Hi there! Happy Friday.
I’m under the weather today, but thought I’d point some things out real quick.
Shrdlu at Layer8 talks about probability of action and motivation of attackers. It’s great to see probability of action and frequency of action being considered in risk analysis. Her blog post got me to thinking about something else I saw in my RSS Feeder.
There are some really cool products that are mislabeled as “risk management” products. This mislabeling is one of the factors that cause smart folks (Jaquith and Ranum among them) to claim that “risk management” is dying or dead. Rothman said last week to me that people are becoming “numb” to the term. DarkNet talks about one such product today. Now the vendor of this product has some really cool stuff, and very respected people I know utilize their technology to feed priors into FAIR. but it’s worth repeating:
- Risk analysis must use frequencies, not just “hey that looks like a bad vulnerability that someone might get to” to determine probability.

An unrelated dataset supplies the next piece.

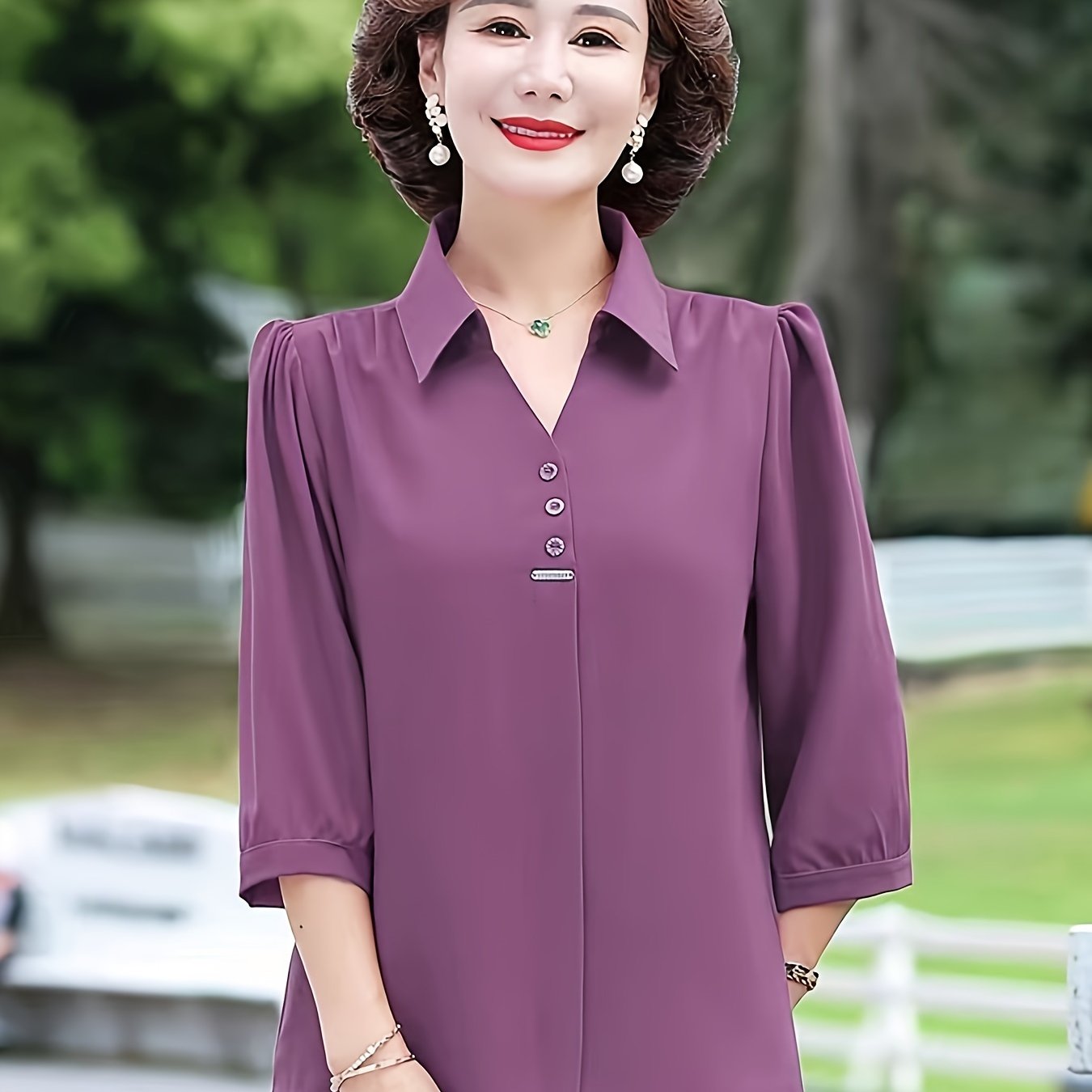 Stylish purple chiffon blouse for women with 3/4 sleeves, slimming fit, and decorative buttons. Made of lightweight polyester-elastane blend, perfect for spring, summer, and fall. Features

- Risk management is not just vulnerability management with risk analysis bolted on for the sake of prioritization.
Again, these are typically really great products for what they do. I’m not saying don’t buy the product - I think if you have the resources, you should really consider their stuff. I’ve heard that the specific product mentioned in the DN article is crescent fresh.
It’s just that the companies that make these products feel like they have to do the Gartner Magic Quadrant Dance in order to raise more capital and/or be acquired, which is a shame. Their use of these terms incorrectly turns off the more sophisticated of us while fooling the unsophisticated in to thinking their actually doing something that they most certainly are not.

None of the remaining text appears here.